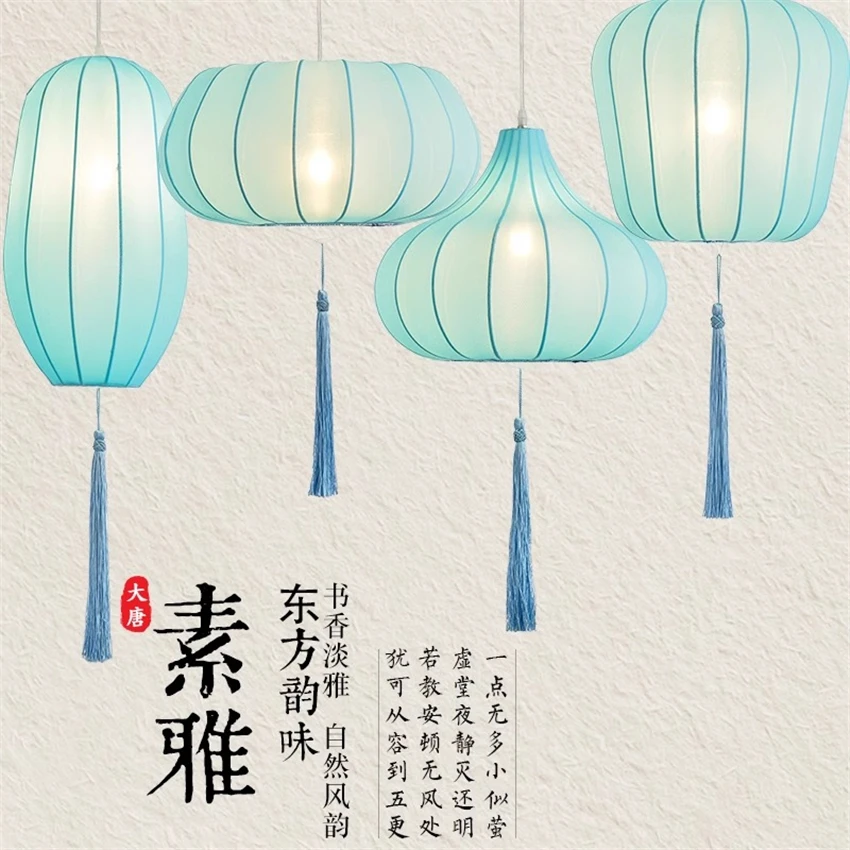 New Chinese Blue Lantern Pendant Lamps Restaurant Hotel Feature Decoration Living Room Aisle Corridor Simple Art Pendant Lights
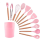 Set 12 ustensile din silicon, pentru gatit - Roz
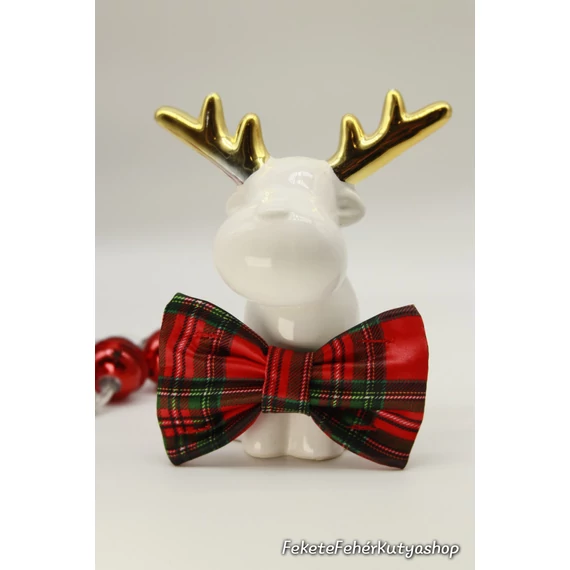 Karácsonyi Piros-Zöld Skót Kockás Szatén Selyem Csokornyakkendő Kutyáknak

* [Try it]:
Excluding the pictures, retype the line containing "Set 12 ustensile" and all lines after it down to the end of the data above.

* [Answer for the task]:
 Set 12 ustensile din silicon, pentru gatit - Roz
 Karácsonyi Piros-Zöld Skót Kockás Szatén Selyem Csokornyakkendő Kutyáknak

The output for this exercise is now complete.